In a previous post, The agency that will never forget you, I discussed the dilemma of closed or partially closed identity services. A year later in October 2015 one of those services, the Victorian Registry of Births, Deaths and Marriages, launched an open interface.
The new interface is seductive for two reasons. Firstly, unlike the old clunky website, the design is fresh, simple to use, expansive in its search options, and free. The latter then leads to the second point of seduction - it is easy to buy a B, D or M certificate and see it within minutes, sometimes seconds. That's joined-up spending - the ability to part with personal funds in a more streamlined and efficient end-to-end inquiry.

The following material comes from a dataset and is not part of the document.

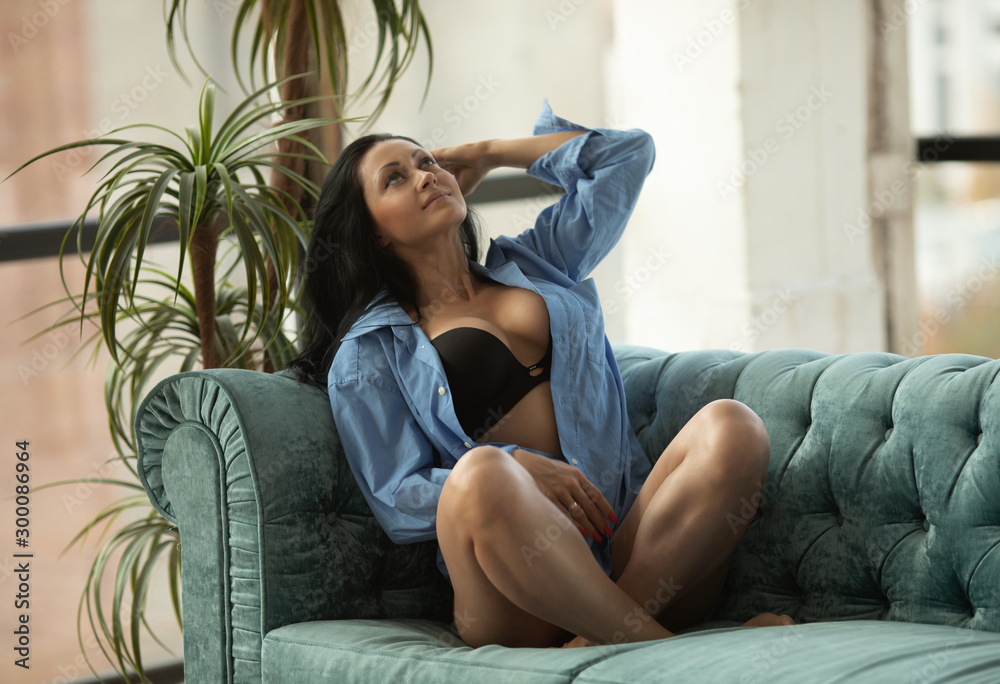 Beautiful sexy woman in black lingerie sitting on coach at home. Beautiful sexy woman in black lingerie sitting on coach at home.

However, this interface doesn't stick purchasing obstacles in the way either. Paying for small numbers of credits, requesting credentials before a decision to buy is made, paying for a restricted number of pageviews - all of these are evidence of mean interfaces which discourage joined-up spending.
Although this new development has been delivered in the context of government initiatives to make doing business with government easier, it is an exemplar for genealogical services which think that throwing an overflowing content bucket over the hapless searcher is enough**.
"Joined-up" is a term that emerged early in the 21st century and spread across academic and library service delivery circles. It was and is the goal of government initiatives to make doing business with government easier. The words 'efficient and effective' have been bandied about for so long that they no longer mean much. It's exceedingly satisfying, even at the detriment of my wallet, to see a government department deliver on them regardless.
** with the possible exception of the Free___ services FreeBMD, FreeCEN, and FreeReg currently being compiled and deployed with generous interfaces.